Außerdem stünden die Sanktionen im Widerspruch zu den Artikeln 2 und 12 des Grundgesetzes, weil sie die Gesundheit oder gar das Leben des Betroffenen gefährden könnten. Die genannten Grundgesetz-Artikel garantierten jedoch das Recht auf Leben und körperliche Unversehrtheit.
Zudem verstoßen Sanktionen gegen die Berufsfreiheit.

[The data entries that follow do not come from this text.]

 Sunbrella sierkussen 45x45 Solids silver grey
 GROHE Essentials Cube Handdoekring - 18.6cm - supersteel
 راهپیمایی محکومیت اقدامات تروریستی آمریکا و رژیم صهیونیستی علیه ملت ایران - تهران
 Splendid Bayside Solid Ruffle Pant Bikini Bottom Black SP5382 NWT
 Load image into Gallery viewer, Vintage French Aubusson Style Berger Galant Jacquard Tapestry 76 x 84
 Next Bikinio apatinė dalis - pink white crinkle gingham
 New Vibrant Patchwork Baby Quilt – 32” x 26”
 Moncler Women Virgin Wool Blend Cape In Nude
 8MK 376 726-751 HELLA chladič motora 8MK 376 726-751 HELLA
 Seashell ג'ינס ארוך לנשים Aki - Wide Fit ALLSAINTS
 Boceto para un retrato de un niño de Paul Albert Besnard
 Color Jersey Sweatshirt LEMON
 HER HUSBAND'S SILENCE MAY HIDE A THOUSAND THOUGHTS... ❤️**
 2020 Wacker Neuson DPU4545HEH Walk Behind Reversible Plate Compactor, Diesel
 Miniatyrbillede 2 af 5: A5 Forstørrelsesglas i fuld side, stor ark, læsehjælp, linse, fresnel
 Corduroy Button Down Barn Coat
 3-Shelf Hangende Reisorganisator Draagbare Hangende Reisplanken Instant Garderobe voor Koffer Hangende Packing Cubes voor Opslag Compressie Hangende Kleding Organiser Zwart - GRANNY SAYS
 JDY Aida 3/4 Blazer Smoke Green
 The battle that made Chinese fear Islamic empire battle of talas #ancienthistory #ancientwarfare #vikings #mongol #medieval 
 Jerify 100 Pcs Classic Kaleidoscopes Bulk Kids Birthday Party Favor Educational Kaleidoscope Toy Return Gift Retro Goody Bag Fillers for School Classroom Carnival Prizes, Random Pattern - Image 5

Mit seiner Entscheidung beschreitet das Sozialgericht Gotha nach eigenen Angaben Neuland. Es ist das bundesweit erste Gericht, das die Frage aufwirft, ob die Sanktionsmöglichkeiten der Jobcenter mit dem Grundgesetz vereinbar sind. Die Gothaer Sozialrichter sehen die Menschenwürde verletzt, wenn Hilfebedürftigen die Hartz IV Leistungen aufgrund von Terminversäumnissen oder Ablehnung von Jobangeboten gekürzt werden. Die 15. Kammer sieht den Staat in der Pflicht, permanent ein menschenwürdiges Existenzminimum nach den Artikeln des Grundgesetzes (GG) zu gewährleisten.

In Hessen wurden im Jahr 2014 mehr als 52 000 Sanktionen ausgesprochen. Sie führten dazu, dass Menschen monatelang weit unter dem Existenzminimum leben oder sich verschulden mussten. Teils werde ihnen Strom, Wasser und Heizung abgestellt und auch der Verlust der eigenen Wohnung zählt zu den Folgen dieser Maßnahmen. Gleichzeitig sind 2013 bundesweit weit mehr als ein Drittel der Widersprüche und Klagen gegen Sanktionen zugunsten der Betroffenen entschieden worden. Dabei widerspricht bzw. klagt nur eine Minderheit der Betroffenen. 

Leistungen nach SGB II gelten als Existenzminimum.